Sometimes, you just have to give in to a record and buy it because it just looks perfect. My friend Tom and I ran into such a record one day while perusing the bins at Murmur Records some time in 1984. Kiss® famously thought that “if one Alice Cooper was a sensation – then a whole band of Alice Coopers would rule the world!” This looked like a duo made up of women with the aesthetic sensibilities of Lene Lovich. I can’t remember if it was Tom or myself who saw the sharp black and silver cover, but upon examining the record a bit more closely, we both ended up taking a copy home that afternoon. The band were named Strawberry Switchblade, the cover was beautifully printed in black ink on silver paper, and as if to whack our skulls with a 2″ x 4″ the pressings we bought had stickers proclaiming “FREE POSTER” inside. At that time I think an import 12″ at Murmur was still $5.00. How could we not try it?

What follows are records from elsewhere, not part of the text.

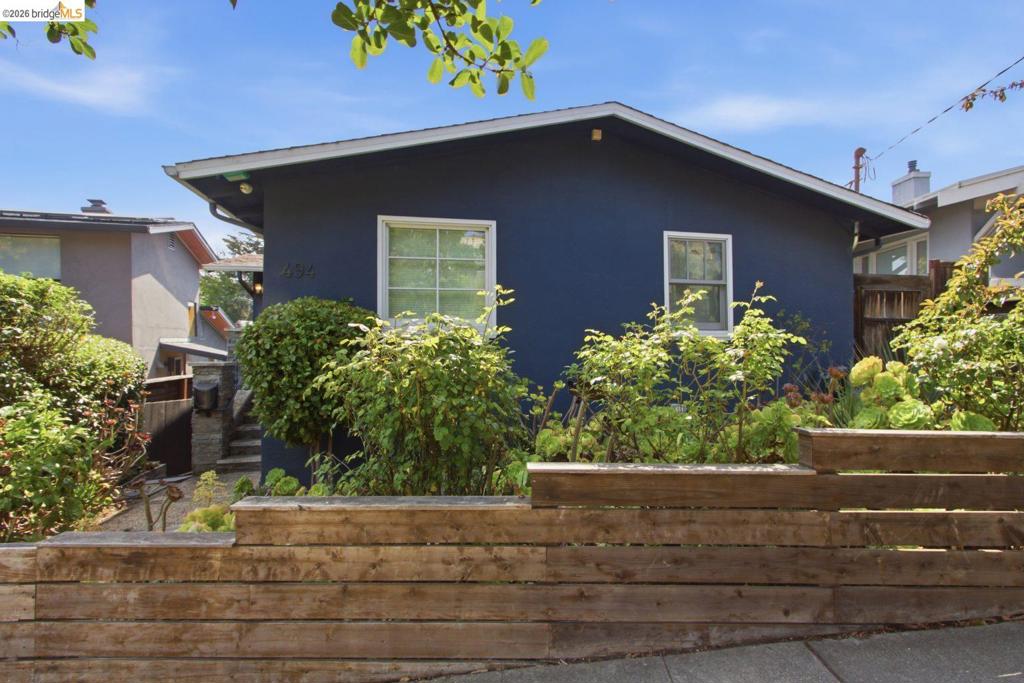 494 Jean St, Oakland, CA 94610 — photo 1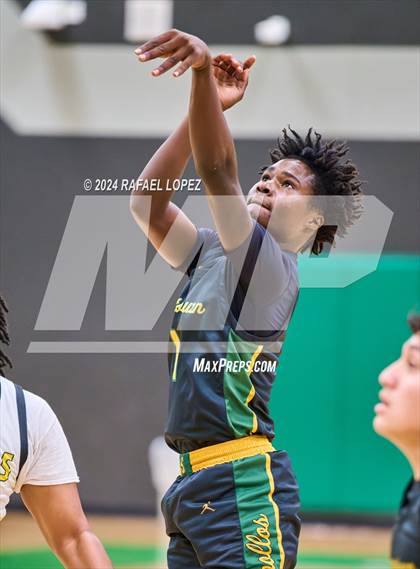 Thumbnail 1 in Wisdom vs. Sharpstown (Houston ISD Tournament) photogallery.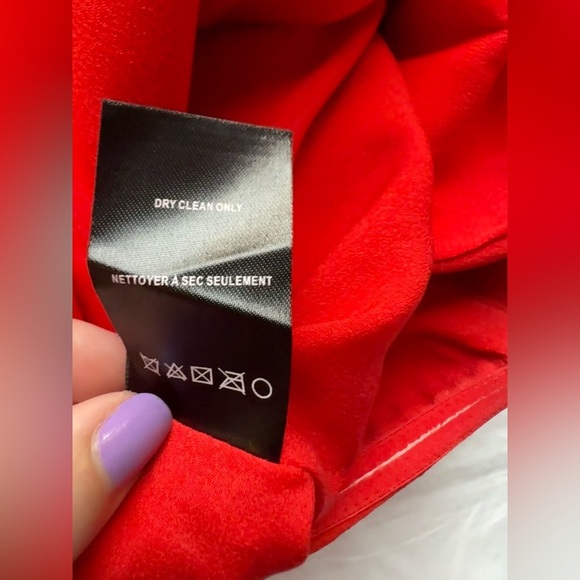 Adelyn Rae Red Rozina Woven Strapless Bow Top Large - Picture 11 of 11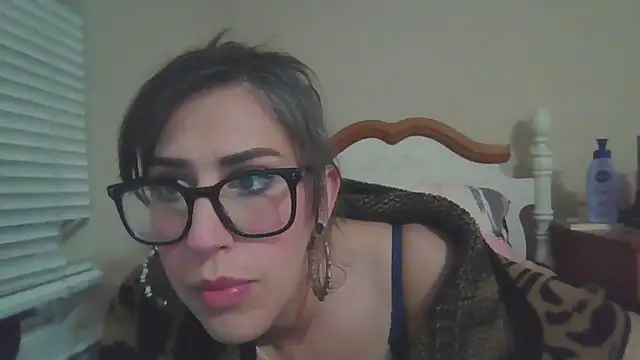 VenusOfEden online show from 04-17-26, 03:09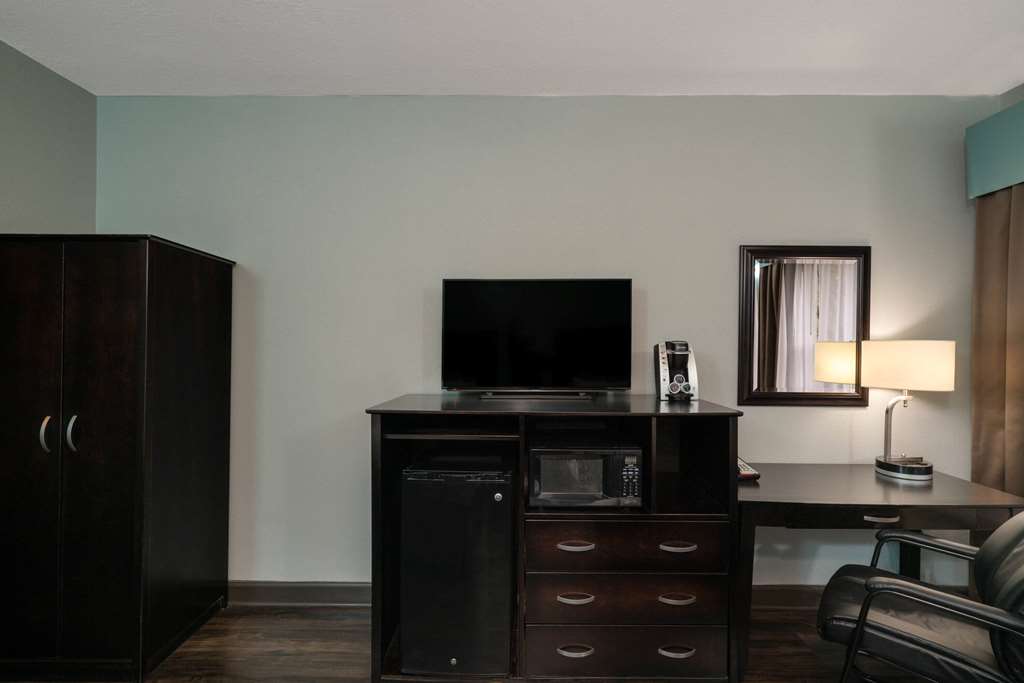 La Quinta Inn & Suites by Wyndham Knoxville East - photo 11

Korova Records | UK | 12" | 1984 | KOW 38T

Korova Records | UK | 12″ | 1984 | KOW 38T

Strawberry Switchblade: Since Yesterday UK 12″ [1984]

  1. Since Yesterday
  2. Sunday Morning
  3. By The Sea

When the needle hit side A we were immediately rewarded with an ebullient rush of perfect synthpop [digital style] and an overflowing euphony of vibrant melodies. Best of all, the giddy vibe of the production was totally at odds with the downbeat breakup lyrics; giving those frissons of contrast and paradox that mark much of my favorite pop music. This was one of those singles that we bought because it looked promising, and we couldn’t have imagined how perfect it actually was once we played it.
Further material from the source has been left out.